Orientations of objects in $\mathbb{R}^p$ with symmetry group $K$ cannot be described unambiguously by elements of the rotation group $SO(p)$, but correspond instead to elements of the quotient space $SO(p)/K$. Specifications of probability distributions and appropriate statistical methods for such objects have been lacking -- with the notable exceptions of axial objects in the plane and in $\mathbb{R}^3$.

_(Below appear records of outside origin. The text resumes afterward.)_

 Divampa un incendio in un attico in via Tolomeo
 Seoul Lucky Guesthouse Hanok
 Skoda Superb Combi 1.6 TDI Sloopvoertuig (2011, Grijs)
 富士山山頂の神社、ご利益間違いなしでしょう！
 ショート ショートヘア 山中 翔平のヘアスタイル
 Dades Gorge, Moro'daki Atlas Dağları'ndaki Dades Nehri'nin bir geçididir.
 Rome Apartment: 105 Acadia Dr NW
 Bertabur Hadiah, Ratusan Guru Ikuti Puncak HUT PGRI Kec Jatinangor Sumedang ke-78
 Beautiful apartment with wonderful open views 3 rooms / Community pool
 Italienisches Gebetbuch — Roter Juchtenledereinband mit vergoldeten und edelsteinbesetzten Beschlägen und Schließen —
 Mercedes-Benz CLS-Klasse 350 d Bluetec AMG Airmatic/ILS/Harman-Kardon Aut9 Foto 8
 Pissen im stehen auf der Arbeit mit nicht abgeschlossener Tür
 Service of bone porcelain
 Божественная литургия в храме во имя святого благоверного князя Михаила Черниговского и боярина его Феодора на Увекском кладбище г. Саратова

We exploit suitable embeddings of $SO(p)/K$ into spaces of symmetric tensors to provide a systematic and intuitively appealing approach to the statistical analysis of the orientations of such objects. We firstly consider the case of {\em orthogonal $r$-frames} in $\mathbb{R}^p$, corresponding to sets of $r\leq p$ mutually orthogonal axes in $p$ dimensions, which includes the Watson and Bingham distributions. Using the same approach we then treat the three dimensional case of $SO(3)/K$, where $K$ is one of the point symmetry groups. In both cases the resulting tools include measures of location and dispersion, tests of uniformity, one-sample tests for a preferred orientation and two-sample tests for a difference in orientation. The methods are illustrated using data from earthquake focal mechanisms (fault plane and slip vector orientations) and crystallographic data with orientation measurements of distinct mineral phases.